SUMMARY OF THE INVENTION

A package wrapping removal system and method of operation for cutting wrapping from a wrapped product has a transport for continuously moving the wrapped product in a downstream direction as the wrapping is cut. The system has a first cutter located at a distal end of a pivoting arm and preferably a second cutter located at the distal end of a second pivoting arm. Both cutters cut at least a portion of the wrapping along a leading side face of the wrapped product and each cutter cuts the wrapping at respective flanking side faces as the wrapped product move along the transport. The arms pivot in opposite directions and about respective pivoting axis orientated substantially parallel to one another and preferably perpendicular to the transport.

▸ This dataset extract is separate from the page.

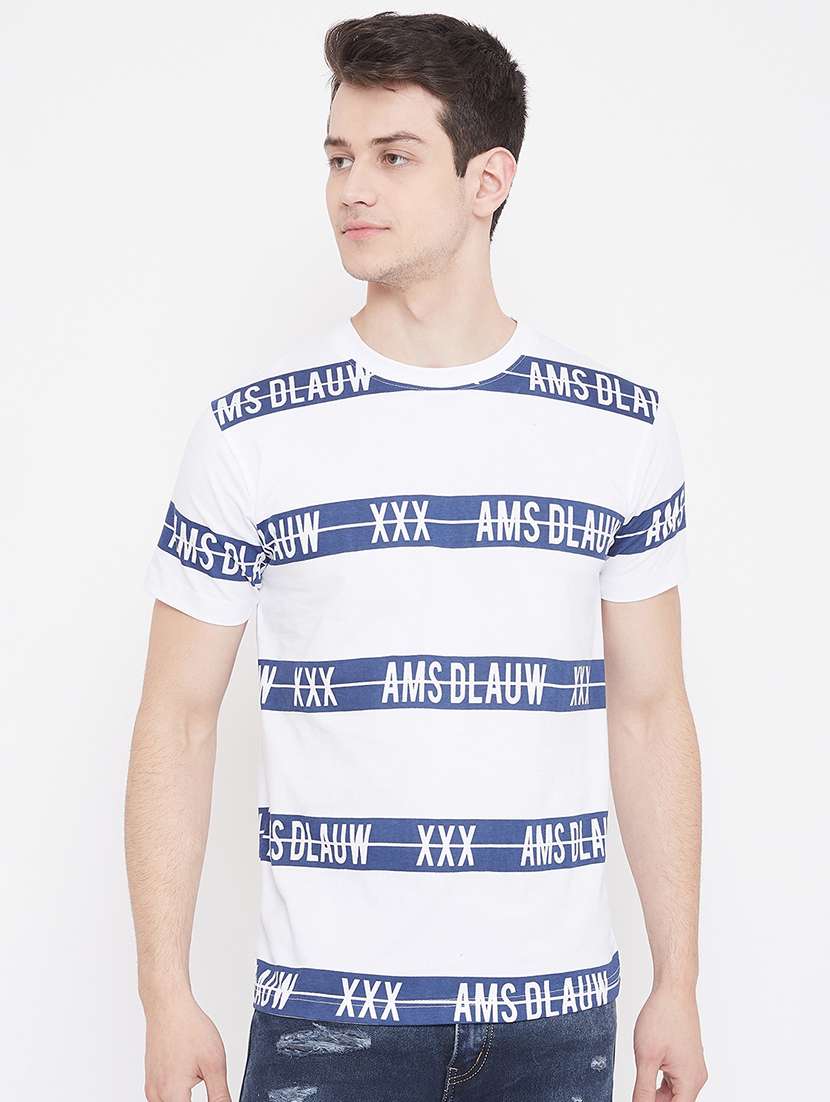 men printed short sleeve  t-shirt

In operation, the arms of the system are cantilevered over the transport and from respective opposite directions. Each arm is preferably biased toward respective first and second normal positions and pivot away from the normal positions as the cutters abut the wrapping at the leading face. Preferably, the cutters do not abut the leading face simultaneously, and instead act in succession. In this way, a portion of the wrapping at the leading face is generally cut twice to ensure that the cut of the wrapping along the leading face of the wrapped product is continuous.

Objects, features and advantages of the present invention include a highly efficient, quick and reliable means to cut for removal a wrapping from a wrapped product in a continuous manner without changing the direction of the product.

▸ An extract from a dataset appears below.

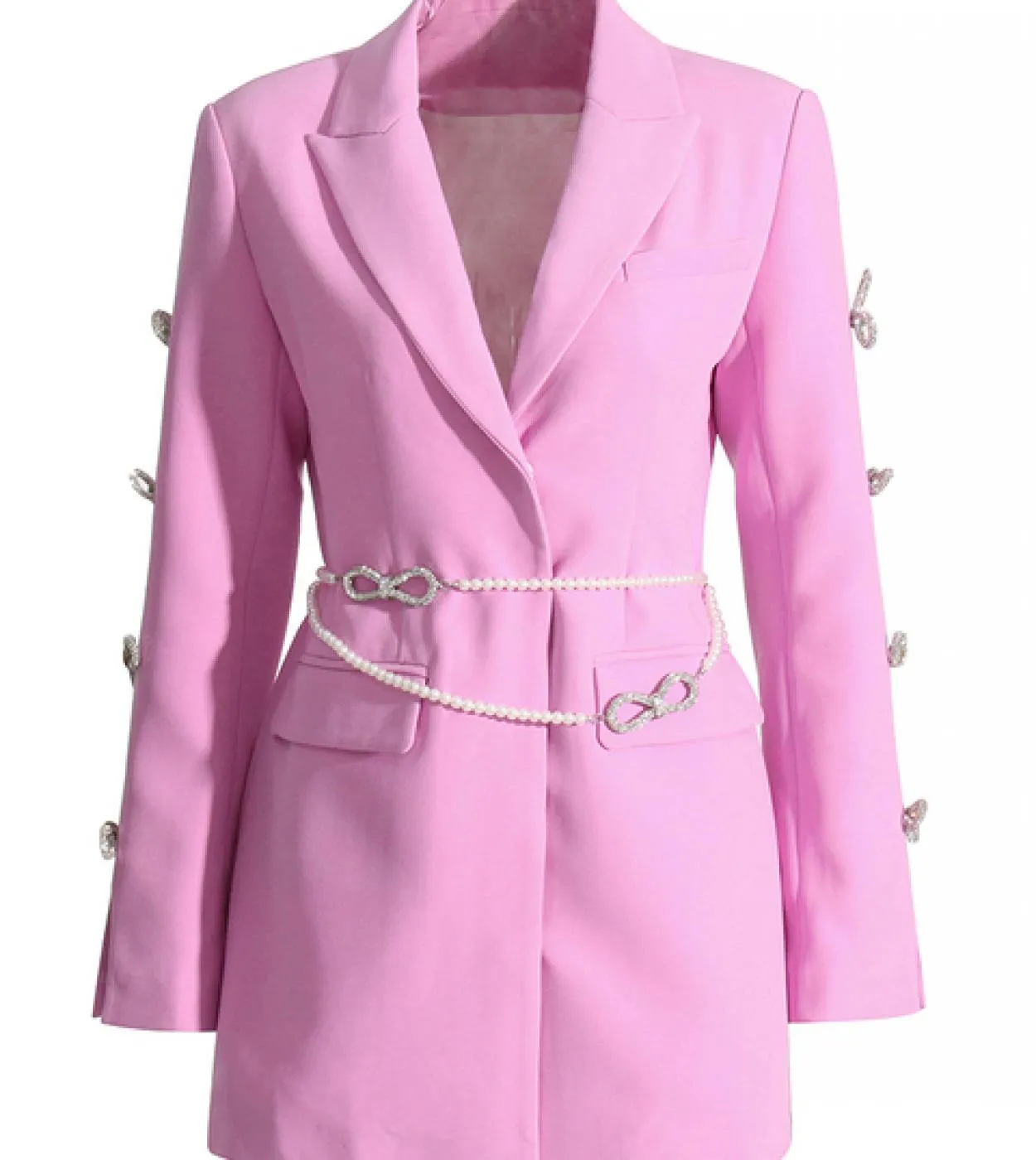 Mini abito con scollo a V e scollo a V a maniche lunghe con scollo a V e diamanti rossi con cintura di perle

DESCRIPTION OF THE DRAWINGS

These and other objects, features and advantages of this invention will be apparent from the following detailed description, appended claims, and accompanying drawings in which:

FIG. 1 is a perspective forward view of a wrapping removal system embodying the present invention;

FIG. 2 is a perspective view of a wrapped product on a transport of the wrapping removal system;

FIG. 3 is a top view of the wrapped product;

FIG. 4 is a partial enlarged view of the wrapping removal system taken from circle 4 of FIG. 1;

FIG. 5 is a perspective bottom view of a swing arm of the wrapping removal system;

FIG. 6 is a perspective view of a controller of the wrapping removal system;

FIG. 7 is a enlarge partial perspective view of the wrapping removal system illustrating an adjustable stop of the swing arm;

FIG. 8 is a partial perspective view of the wrapping removal system partially illustrating a support frame of the system;

FIG. 9 is a partial perspective view of the wrapping removal system partially illustrating another portion of the support frame of the system;

FIG. 10 is a perspective upstream view of the wrapping removal system cutting the wrapping on a first wrapped product; and

FIG. 11 is a perspective upstream view of the wrapping removal system completing the cutting of the wrapping on the first wrapped product and beginning the cutting of a wrapping on a next wrapped product.

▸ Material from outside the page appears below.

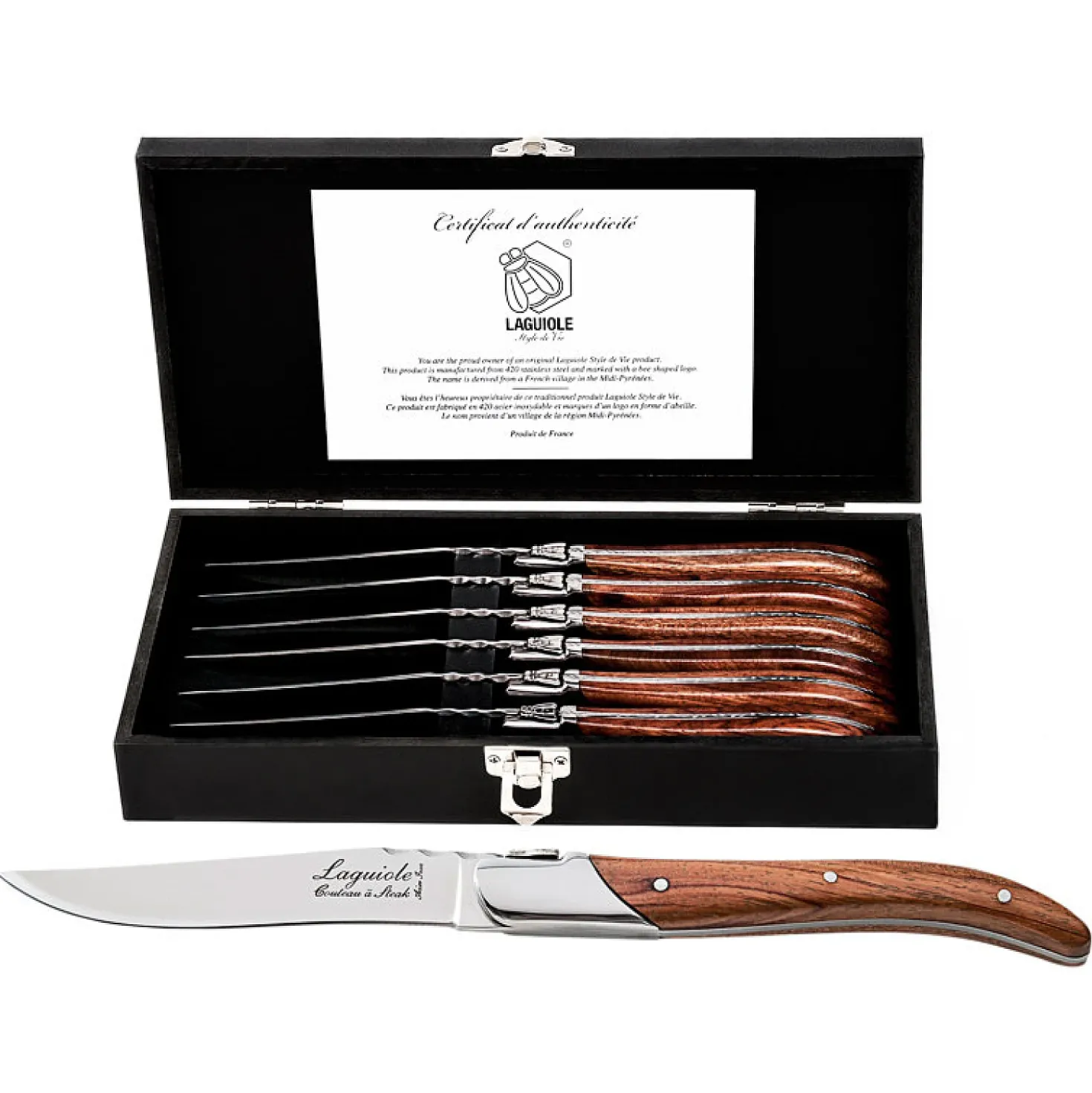 Laguiole Style de Vie Steakmessen Luxury Line Rose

DETAILED DESCRIPTION OF THE PREFERRED EMBODIMENTS

Referring to FIG. 1 of the present invention, a counter rotational package wrapping removal system 20 is illustrated and a method of operating the same shall be described. The system 20 operates to remove wrapping 22 pre-positioned or secured to a wrapped product 24. The wrapping 22 may be made of any material commonly used in the art of wrapping packages, but preferably is made of a heat sensitive material such as plastic and/or shrink wrap. As best shown in FIG. 2, the wrapped product 24 may be a plurality of beverage containers 26 located in a tray 28 typically made of cardboard. During manufacturing of the beverage, the containers 26 are placed in the tray 28 then the shrink wrap or wrapping 22 is preferably wrapped about the top 30, the bottom 32 and four side faces 33, 35, 37, 39 of the wrapped product 24.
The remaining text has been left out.